Is Bodine’s memorandum indicative of a backing away from Next Gen compliance overall? It does not appear so. For one, the memorandum makes clear (albeit in a footnote) that the Compliance Office intends to continue to work with program offices to apply Next Gen concepts in rulemakings. So the message seems to be that generally applicable regulation is a more appropriate application of the Next Gen elements than singling out individual companies to bear the risks. Examples of such regulations are Clean Air Act rulemakings addressing new and modified sources in the “Oil and Natural Gas Sector,” and hazardous air pollutants at Ferroalloys Production facilities, both of which involved solicitation of comment on a variety of requirements implementing Next Gen elements, some of which were finalized and some not. See 81 Fed. Reg. 35824 (June 3, 2016) and 80 Fed. Reg. 56593 (Sept. 18, 2015); 82 Fed. Reg. 5401 (Jan. 18, 2017) and 79 Fed. Reg. 60238 (Oct. 6, 2014). Although EPA is reconsidering certain portions of both of those rules, no Next Gen provisions have been removed so far.

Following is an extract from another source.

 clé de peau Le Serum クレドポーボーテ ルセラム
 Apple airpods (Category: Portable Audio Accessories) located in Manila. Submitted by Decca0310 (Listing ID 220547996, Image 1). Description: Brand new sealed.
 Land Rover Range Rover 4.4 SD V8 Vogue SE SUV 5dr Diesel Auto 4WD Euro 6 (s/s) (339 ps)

Moreover, EPA’s work to support innovative air emission measurement technologies continues. For example, staff in EPA’s Office of Air Quality Planning and Standards (OAQPS) are currently working on an update to EPA’s 2011 Optical Remote Sensing Handbook, describing the primary remote measurement technologies, current approaches, and practical uses. Remote measurements of air emissions are those that are conducted away from the point or area where the pollutant is released, like at a fence-line. EPA staff are working on a similar handbook addressing nanoscale sensing technologies, including emerging nano-enabled NP and gas sensors. EPA’s OAQPS also has ongoing studies to further evaluate Optical Gas Imaging (OGI) or infrared cameras for leak detection of VOCs, some of which already are in use in the Oil and Gas Sector rule. So EPA hardly has abandoned its goal of advancing air emission measurement technologies, at least as far as its budget will allow. EPA staff also participate in consensus-based organizations, one of which is currently working on a draft guideline for choosing real-time, on-line VOC measurement devices.

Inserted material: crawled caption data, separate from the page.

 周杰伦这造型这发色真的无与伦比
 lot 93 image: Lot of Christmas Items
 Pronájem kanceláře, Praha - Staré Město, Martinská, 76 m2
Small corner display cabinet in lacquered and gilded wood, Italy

As for electronic reporting, some may have assumed that the Trump administration’s decision not to publish and make effective a final rule, signed on December 21, 2016, establishing mandatory “electronic reporting” requirements for numerous categories of stationary sources subject to New Source Performance Standards (NSPS) under the Clean Air Act signaled a change in direction. Many of the commenters on the proposed rule supported the move to electronic reporting but objected to use of the specified EPA-designed software, describing it as outdated, clunky and difficult to learn and use. Closer examination of EPA’s activities, however, reveals no underlying change in agency policy on electronic reporting. In 2017-2018, EPA finalized revisions to three rules establishing National Emission Standards for Hazardous Air Pollutants (NESHAP) (40 C.F.R. Part 63, subparts MM, CCCC, and VVV) imposing electronic reporting requirements similar to those objected to in the NSPS rulemaking. And EPA has at least three more open proposals with similar revisions. So, if a change of heart has occurred regarding mandating use of EPA’s arguably outdated Electronic Reporting Tool (ERT), that news has not trickled down to the rule writers.

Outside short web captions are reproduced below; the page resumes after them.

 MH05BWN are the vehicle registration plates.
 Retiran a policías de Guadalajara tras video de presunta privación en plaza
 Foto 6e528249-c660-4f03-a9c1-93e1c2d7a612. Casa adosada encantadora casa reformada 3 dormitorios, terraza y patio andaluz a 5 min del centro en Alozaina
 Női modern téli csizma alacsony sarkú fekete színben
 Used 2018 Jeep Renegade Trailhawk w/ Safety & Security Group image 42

Last year, I posed a number of questions about the Next Gen program, focusing on details like whether something could be “Next Gen” if it relies on old technology (like clunky, outdated software); and when should a new technology be considered “available” (e.g., can EPA mandate use of proprietary technology?) and sufficiently “validated” to use for compliance determinations. These questions are just as relevant today.